• [Input]:

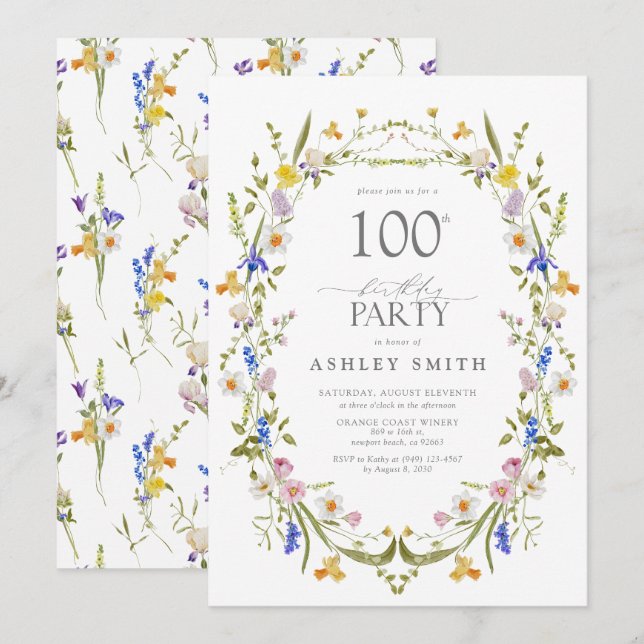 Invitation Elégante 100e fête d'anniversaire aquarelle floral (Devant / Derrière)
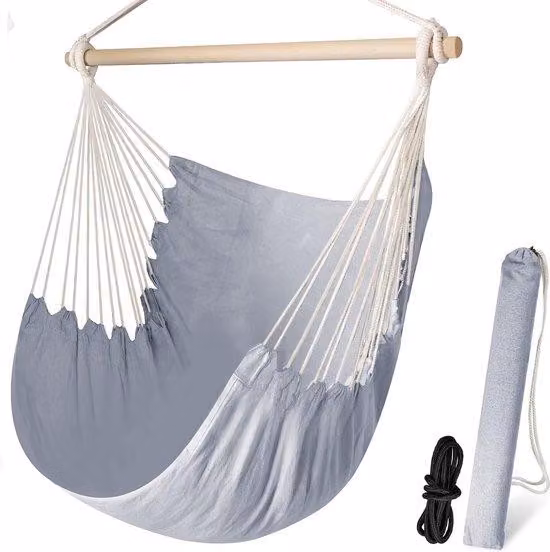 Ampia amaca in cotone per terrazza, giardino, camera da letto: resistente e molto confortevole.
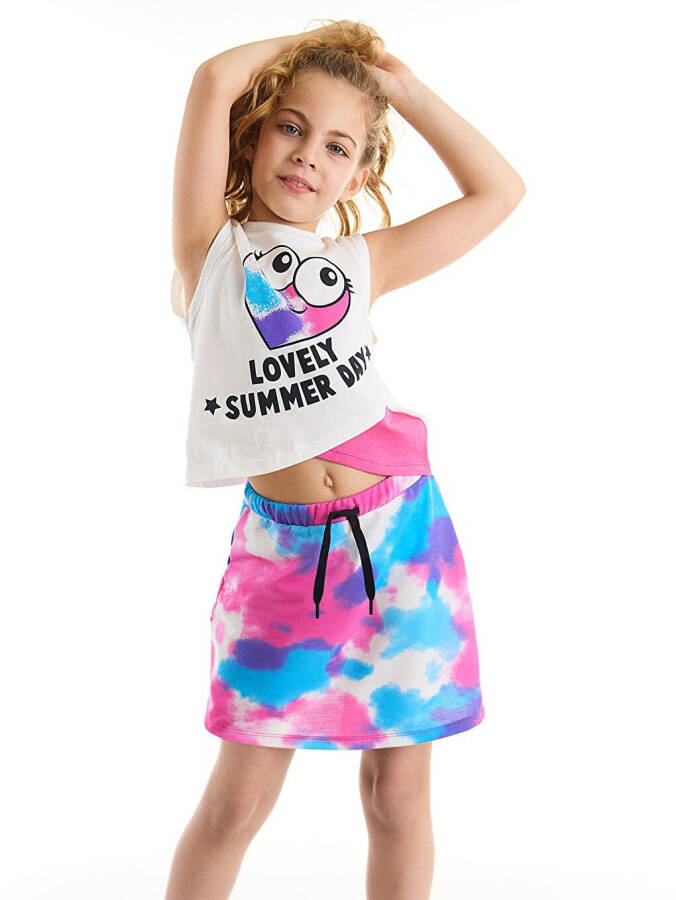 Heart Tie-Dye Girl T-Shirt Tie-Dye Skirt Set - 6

==

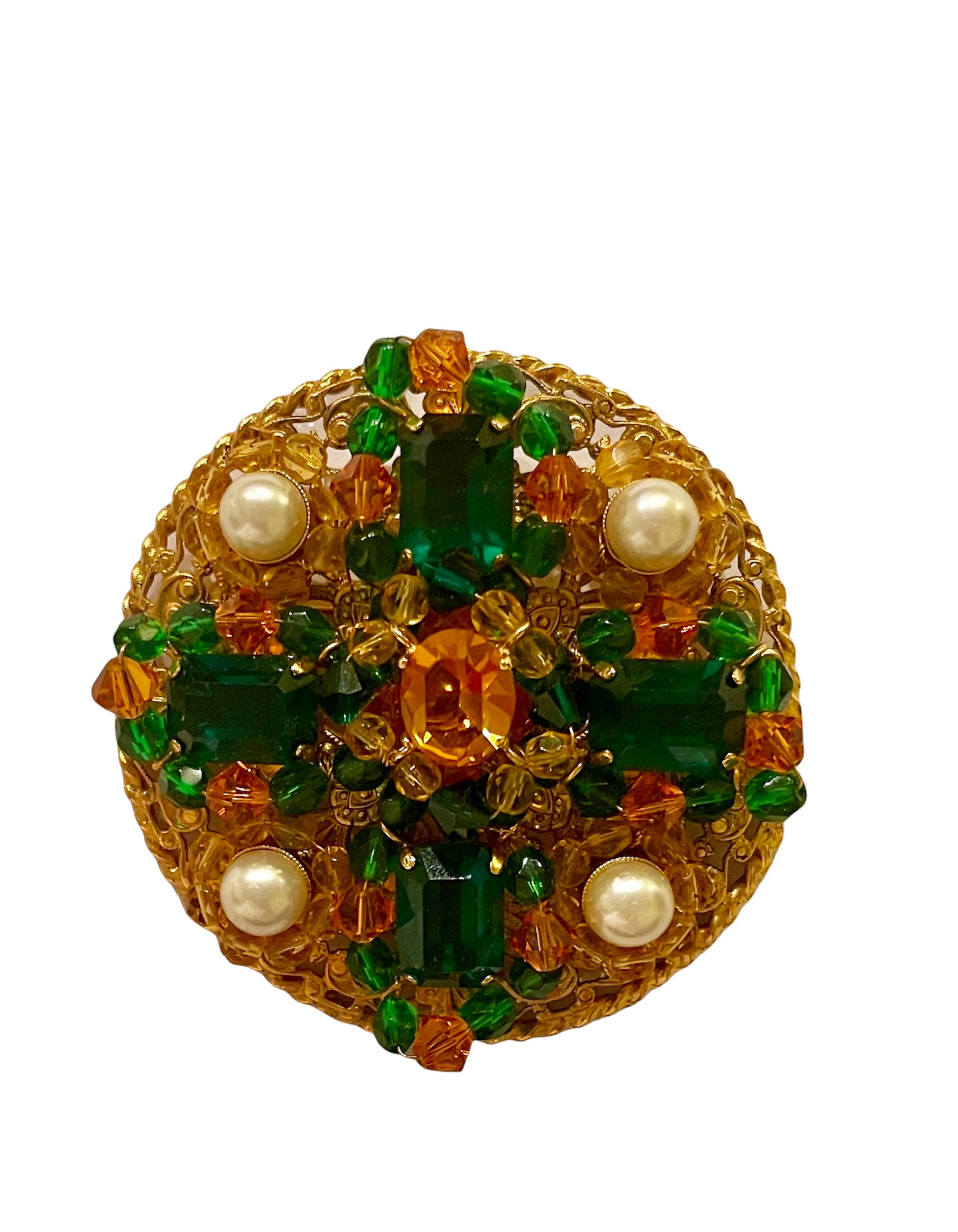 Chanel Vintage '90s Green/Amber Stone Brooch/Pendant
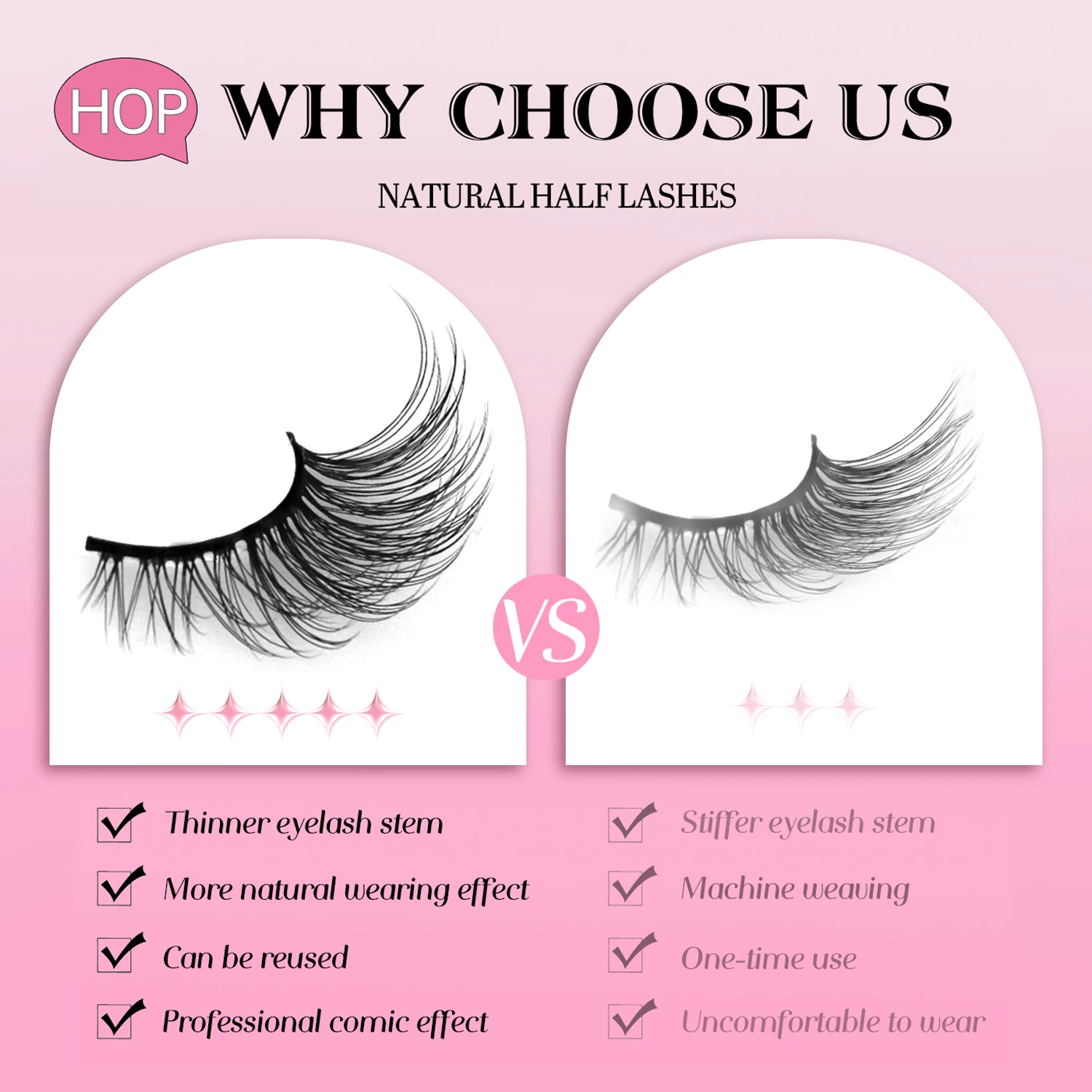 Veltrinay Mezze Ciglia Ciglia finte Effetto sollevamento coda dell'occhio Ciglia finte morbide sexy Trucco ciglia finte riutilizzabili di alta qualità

==

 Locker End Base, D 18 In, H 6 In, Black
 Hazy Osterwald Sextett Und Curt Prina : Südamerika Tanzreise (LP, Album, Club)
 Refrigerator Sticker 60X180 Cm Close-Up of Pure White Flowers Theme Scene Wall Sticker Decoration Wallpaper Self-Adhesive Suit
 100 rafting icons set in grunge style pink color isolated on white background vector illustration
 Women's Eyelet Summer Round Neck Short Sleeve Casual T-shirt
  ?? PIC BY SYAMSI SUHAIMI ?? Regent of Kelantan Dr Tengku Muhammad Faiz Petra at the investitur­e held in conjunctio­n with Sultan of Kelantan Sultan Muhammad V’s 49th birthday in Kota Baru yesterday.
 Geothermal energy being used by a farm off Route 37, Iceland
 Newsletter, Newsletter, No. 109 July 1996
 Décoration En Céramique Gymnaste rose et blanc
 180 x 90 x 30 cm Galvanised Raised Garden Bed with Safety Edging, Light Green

• [Work request]: Repeat word for word the lines above that run from the line containing "Hazy Osterwald Sextett" through the line containing "180 x 90 x 30", both ends included, and nothing else.

• [Your solution]:
 Hazy Osterwald Sextett Und Curt Prina : Südamerika Tanzreise (LP, Album, Club)
 Refrigerator Sticker 60X180 Cm Close-Up of Pure White Flowers Theme Scene Wall Sticker Decoration Wallpaper Self-Adhesive Suit
 100 rafting icons set in grunge style pink color isolated on white background vector illustration
 Women's Eyelet Summer Round Neck Short Sleeve Casual T-shirt
  ?? PIC BY SYAMSI SUHAIMI ?? Regent of Kelantan Dr Tengku Muhammad Faiz Petra at the investitur­e held in conjunctio­n with Sultan of Kelantan Sultan Muhammad V’s 49th birthday in Kota Baru yesterday.
 Geothermal energy being used by a farm off Route 37, Iceland
 Newsletter, Newsletter, No. 109 July 1996
 Décoration En Céramique Gymnaste rose et blanc
 180 x 90 x 30 cm Galvanised Raised Garden Bed with Safety Edging, Light Green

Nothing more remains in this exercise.